Bayesian and ML inference produced very similar results, placing nearly all metazoan OvoA sequences within a single, highly supported monophyletic group (figure 1a, clade I, 100% posterior probability), well distinct from bacteria and most unicellular eukaryotes. This clade also included all choanoflagellates pertaining to the order Acanthoecida, as well as two species pertaining to the order Craspedida, permitting us to trace back the origins of the prototypical metazoan OvoA gene to the latest common ancestor of Choanozoa. Further attempts made at investigating in more detail the evolutionary history of metazoan sequences produced tree topologies characterized by short basal branches, several polytomies and incongruences with the currently accepted animal phylogeny. These issues most likely reflect a combination between stochastic factors [31] (e.g. lack of phylogenetic signal and inadequate model selection owing to the low number of phylogenetically informative sites present in the multiple sequence alignment), and the rapid radiation of all metazoans which occurred during the Cambrian explosion (electronic supplementary material, figure S2) [32].
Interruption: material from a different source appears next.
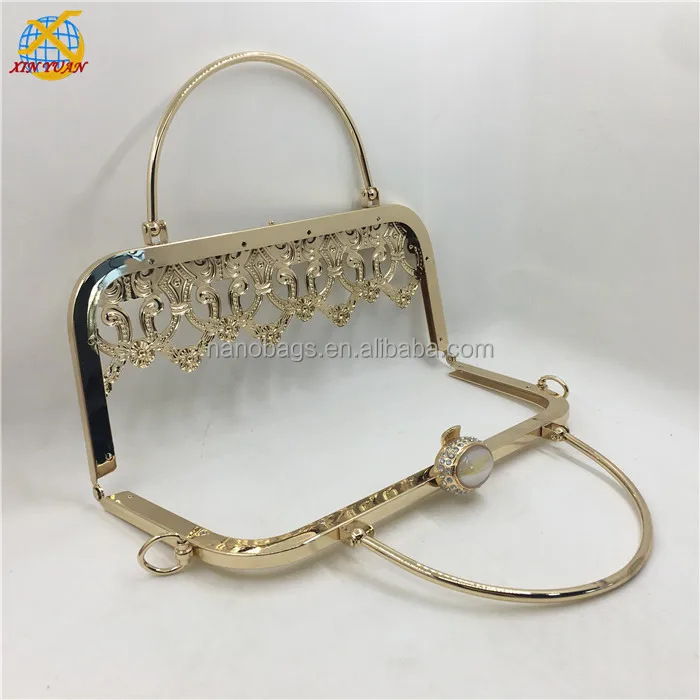 供应针孔刺绣手缝钱包夹,针孔铁夹， 手袋配件， 带钻花边五金较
With the exception of the sequence from the ciliate Pseudocohnilembus persalinus, all the other sequences were clustered with high confidence in two other clades (figure 1a). Clade II mostly included bacteria, together with a few unicellular eukaryotes (i.e. Ichthyosporea, Alveolata and Stramenopiles). Clade III included some bacterial (including Cyanobacteria), unicellular green algae, most Craspedida choanoflagellates, fungi and a number of other unicellular eukaryotes). Most of these sequences conserve the iron binding motif and the residues known to be involved in the recognition of the substrates [5]. This sequence conservation is predictive of ovothiol production, as confirmed for different bacteria and unicellular eukaryotes [6,7,13,14,16] (electronic supplementary material, figure S1).
Surprisingly, two small groups of metazoan OvoA sequences were placed in clade II (Hydrozoa) and clade III (Rotifera Bdelloidea). The phylogenetic placement (figure 1b,c), unusual gene architecture and unique sequence features of these genes strongly support their exogenous origin by HGT (see Discussion).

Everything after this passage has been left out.